Courtney on Wednesday reiterated that the dogs at Krabloonik are not the sort that “stay indoors, lie at your feet, look pretty, and shed ... You don’t treat an Alaskan sled dog the way you treat a short haired Chihuahua.”

A public inspection by several veterinarians in the fall of 2008 concluded the Krabloonik sled dogs were in good health. The kennel had failed a PACFA inspection in May of that year and was found in violation of 10 state regulations.

A second change under consideration by PACFA for the tethering rule would bar operators from getting waivers if they are not in full compliance with PACFA regulations. That could lead to Krabloonik losing its waiver — because they have not remedied all of their 2008 violations.

Snowmass Village’s Krabloonik has long been a source of consternation for some locals and visitors upset by the dogs being chained up.

Voices of Krabloonik formed after the kennel’s 2008 inspection failure, with the aim of changing the operations there. They formed an advisory committee and gained cooperation from MacEachen, but their partnership fizzled in March of last year.

Aspen Animal Shelter director Seth Sachson, a former musher who has called for more humane treatment of Krabloonik’s dogs, unsuccessfully attempted to buy the kennel from MacEachen, who has run it for more than three decades.

Sachson runs a rehabilitation program for former Krabloonik dogs where the shelter staff re-trains the working dogs as house pets. The program was founded after public outcry over MacEachen shooting and killing old and weak dogs at Krabloonik. MacEachen ceased shooting dogs in 2005, though the practice remains legal under PACFA regulations for working animals.

In addition to the tethering waiver rule change, Rep.

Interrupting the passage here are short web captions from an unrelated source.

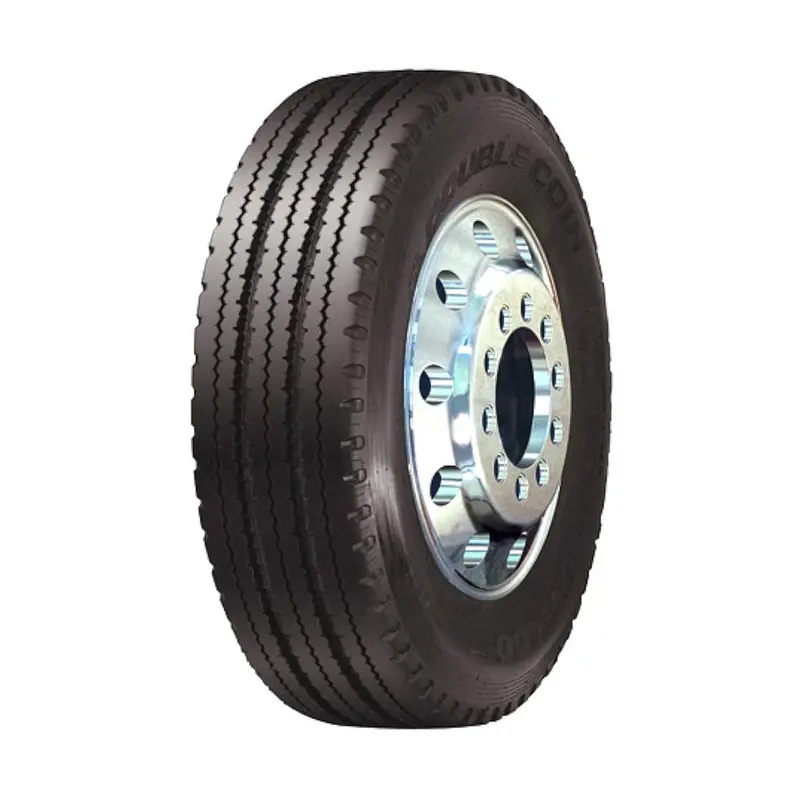 9.00R20 14Pr G Double Coin Rr400 1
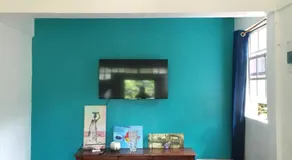 Anthurium Apartment - Image 2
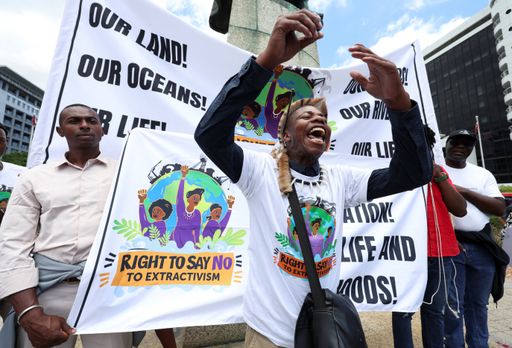 3e18b2e704dd950f4a79cc5c954d19f162b5ed692fd4871e8f7bd69904e605bf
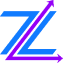 VZ Systems Corporation
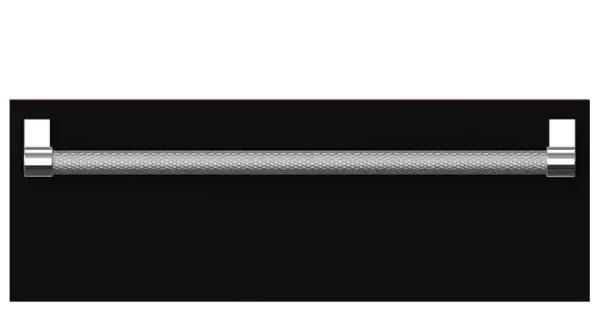 Hestan Warming Drawer - Stealth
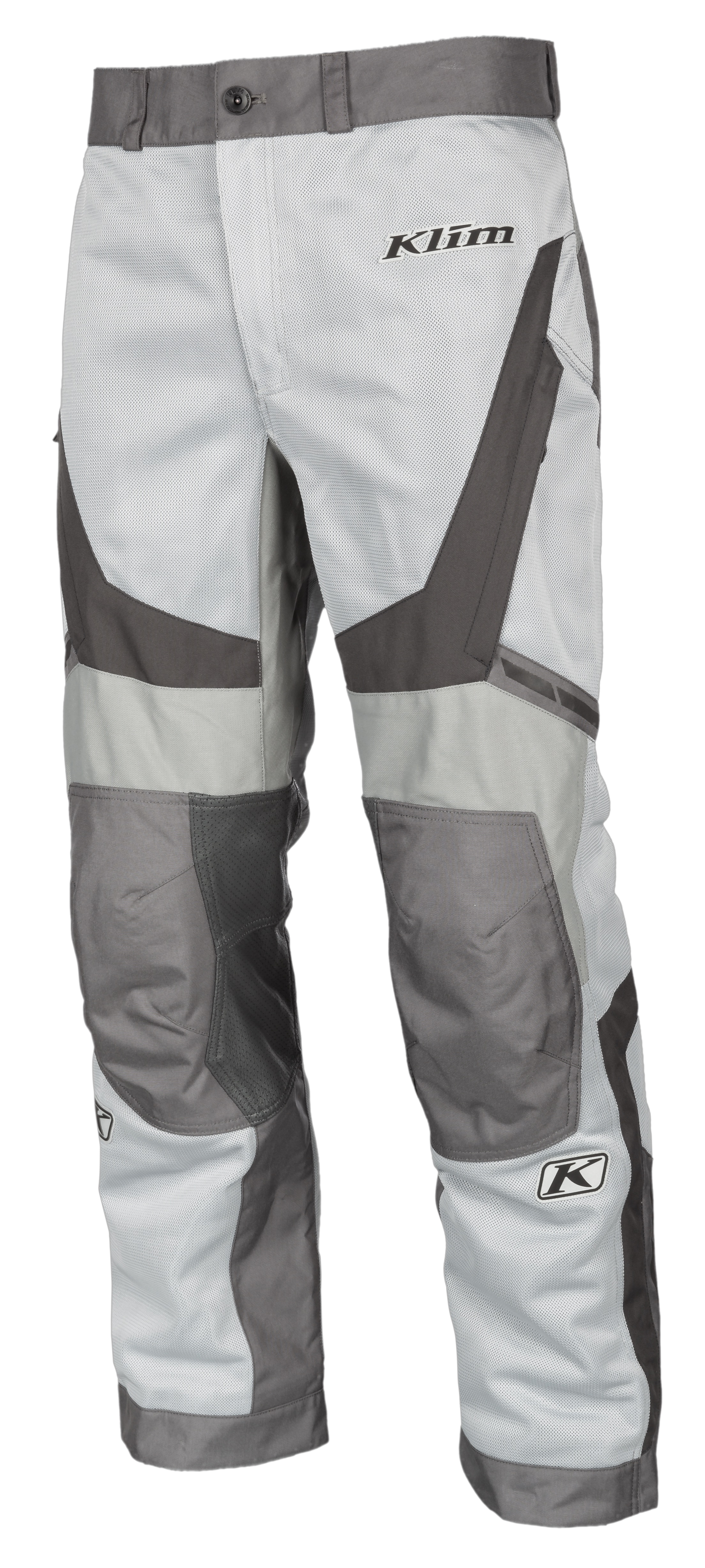 Main image of Klim Induction Pant (Cool Gray)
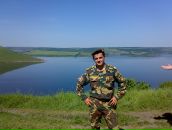 Іван Бойко фотография #39 (источник - https://vk.com/id51229531)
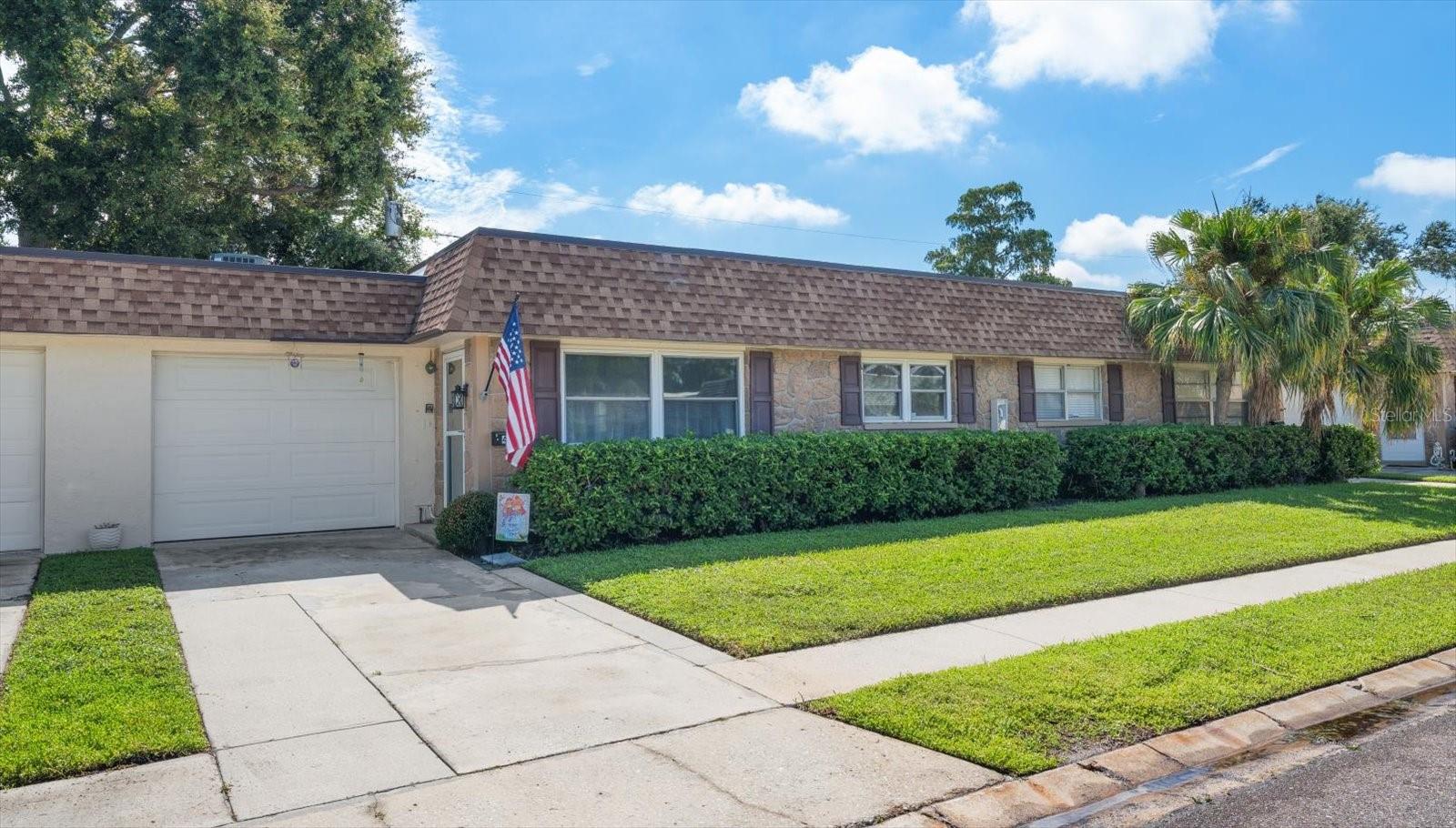 403 Mindy Drive — photo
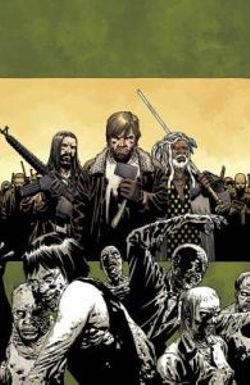 March to War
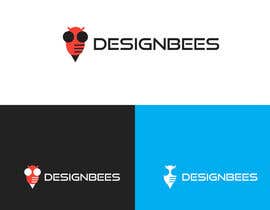 #46 para Design a Logo for my website de nihalhassan93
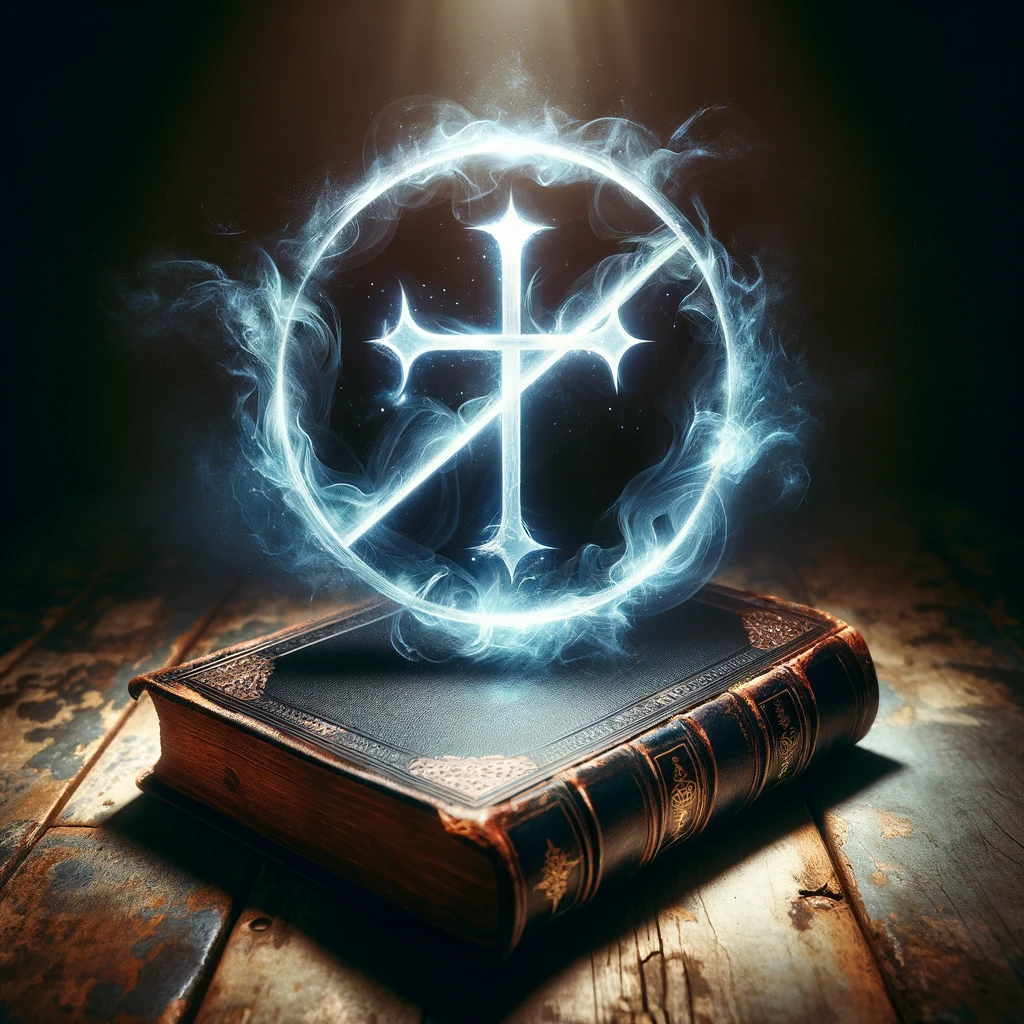 What the Bible Says About Touching Yourself? Is it a Sin? Love In Bible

Kathleen Curry sponsored a bill that would tighten the state’s animal cruelty laws under PACFA. The bill failed earlier this year in committee hearings.The Humane Society had pressed hard for more stringent animal cruelty laws and in a December news release, it specifically singled out Krabloonik as evidence of “a larger regulatory problem in Colorado” regarding working animals.

They also called for background checks on sled dog operators applying for waivers, in part because Krabloonik’s MacEachen pleaded no contest to an animal cruelty charge in 1988 but was nonetheless licensed after PACFA was formed in 1994.

Two police inquiries targeted allegations of abuse at Krabloonik last year, including claims from a former employee that MacEachen himself beat a dog in November, but authorities declined to file criminal charges.

If the Krabloonik reformers don’t get what they want out of the PACFA rule review, they’ve said they may push for a Snowmass Village ballot question asking voters to create local laws restricting tethering.